** Entries provided **
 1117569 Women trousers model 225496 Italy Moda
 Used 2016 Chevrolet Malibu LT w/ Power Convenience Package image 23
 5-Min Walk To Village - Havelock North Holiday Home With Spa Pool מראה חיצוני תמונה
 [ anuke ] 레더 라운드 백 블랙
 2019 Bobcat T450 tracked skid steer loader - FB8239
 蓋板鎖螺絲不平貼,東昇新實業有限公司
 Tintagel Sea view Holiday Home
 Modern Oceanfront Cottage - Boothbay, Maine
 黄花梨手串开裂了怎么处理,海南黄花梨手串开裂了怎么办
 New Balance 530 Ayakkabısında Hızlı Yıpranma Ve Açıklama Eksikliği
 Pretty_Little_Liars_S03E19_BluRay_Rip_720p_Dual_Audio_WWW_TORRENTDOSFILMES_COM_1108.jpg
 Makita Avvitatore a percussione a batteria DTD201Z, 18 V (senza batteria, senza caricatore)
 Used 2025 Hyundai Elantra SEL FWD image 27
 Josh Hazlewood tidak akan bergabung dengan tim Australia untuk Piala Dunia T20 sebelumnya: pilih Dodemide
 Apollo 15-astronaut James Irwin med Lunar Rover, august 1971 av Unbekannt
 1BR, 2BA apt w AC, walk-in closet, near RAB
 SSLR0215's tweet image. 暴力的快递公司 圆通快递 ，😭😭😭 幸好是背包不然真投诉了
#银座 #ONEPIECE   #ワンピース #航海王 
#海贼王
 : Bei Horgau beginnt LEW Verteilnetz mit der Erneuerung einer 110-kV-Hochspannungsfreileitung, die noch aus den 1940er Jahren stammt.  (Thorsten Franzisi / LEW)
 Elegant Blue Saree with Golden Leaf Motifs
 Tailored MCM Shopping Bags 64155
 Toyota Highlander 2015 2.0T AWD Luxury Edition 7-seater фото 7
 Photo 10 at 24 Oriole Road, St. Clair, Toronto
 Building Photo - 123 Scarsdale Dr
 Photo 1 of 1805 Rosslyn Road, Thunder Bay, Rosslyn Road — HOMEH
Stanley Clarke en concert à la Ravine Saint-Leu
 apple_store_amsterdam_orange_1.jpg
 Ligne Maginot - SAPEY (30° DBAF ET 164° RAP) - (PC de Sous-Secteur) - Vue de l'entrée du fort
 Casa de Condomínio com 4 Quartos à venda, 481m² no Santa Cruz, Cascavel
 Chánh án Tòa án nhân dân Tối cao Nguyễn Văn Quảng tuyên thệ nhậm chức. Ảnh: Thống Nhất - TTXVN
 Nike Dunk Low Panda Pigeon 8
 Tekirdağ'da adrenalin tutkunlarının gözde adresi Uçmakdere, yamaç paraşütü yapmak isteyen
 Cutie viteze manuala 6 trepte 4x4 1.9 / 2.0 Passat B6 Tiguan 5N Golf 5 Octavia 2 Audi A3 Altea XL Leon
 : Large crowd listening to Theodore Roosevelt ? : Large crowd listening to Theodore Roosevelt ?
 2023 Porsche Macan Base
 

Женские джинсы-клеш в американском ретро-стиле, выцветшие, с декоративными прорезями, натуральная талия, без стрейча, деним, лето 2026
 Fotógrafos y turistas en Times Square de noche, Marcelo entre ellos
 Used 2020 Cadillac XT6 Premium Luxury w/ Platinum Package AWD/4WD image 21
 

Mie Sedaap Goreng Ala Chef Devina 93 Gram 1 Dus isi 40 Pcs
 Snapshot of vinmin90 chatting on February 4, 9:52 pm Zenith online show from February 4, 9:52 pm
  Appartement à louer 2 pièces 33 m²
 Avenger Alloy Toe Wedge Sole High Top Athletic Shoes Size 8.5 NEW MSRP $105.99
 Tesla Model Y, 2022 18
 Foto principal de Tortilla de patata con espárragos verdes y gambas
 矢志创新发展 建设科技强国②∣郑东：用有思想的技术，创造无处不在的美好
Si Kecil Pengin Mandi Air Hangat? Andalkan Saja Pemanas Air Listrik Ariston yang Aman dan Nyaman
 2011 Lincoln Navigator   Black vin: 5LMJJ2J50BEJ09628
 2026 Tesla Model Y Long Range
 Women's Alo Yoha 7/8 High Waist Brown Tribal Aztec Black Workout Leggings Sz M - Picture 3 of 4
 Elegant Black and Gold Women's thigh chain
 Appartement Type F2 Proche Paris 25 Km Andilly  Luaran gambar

** Your instructions **
Copy the lines of the data above exactly as written, beginning with the line containing "Appartement à louer 2 pièces 33 m²" and ending with the line containing "Elegant Black and Gold Women's thigh chain", and leave out all other lines.

** Problem solution **
  Appartement à louer 2 pièces 33 m²
 Avenger Alloy Toe Wedge Sole High Top Athletic Shoes Size 8.5 NEW MSRP $105.99
 Tesla Model Y, 2022 18
 Foto principal de Tortilla de patata con espárragos verdes y gambas
 矢志创新发展 建设科技强国②∣郑东：用有思想的技术，创造无处不在的美好
Si Kecil Pengin Mandi Air Hangat? Andalkan Saja Pemanas Air Listrik Ariston yang Aman dan Nyaman
 2011 Lincoln Navigator   Black vin: 5LMJJ2J50BEJ09628
 2026 Tesla Model Y Long Range
 Women's Alo Yoha 7/8 High Waist Brown Tribal Aztec Black Workout Leggings Sz M - Picture 3 of 4
 Elegant Black and Gold Women's thigh chain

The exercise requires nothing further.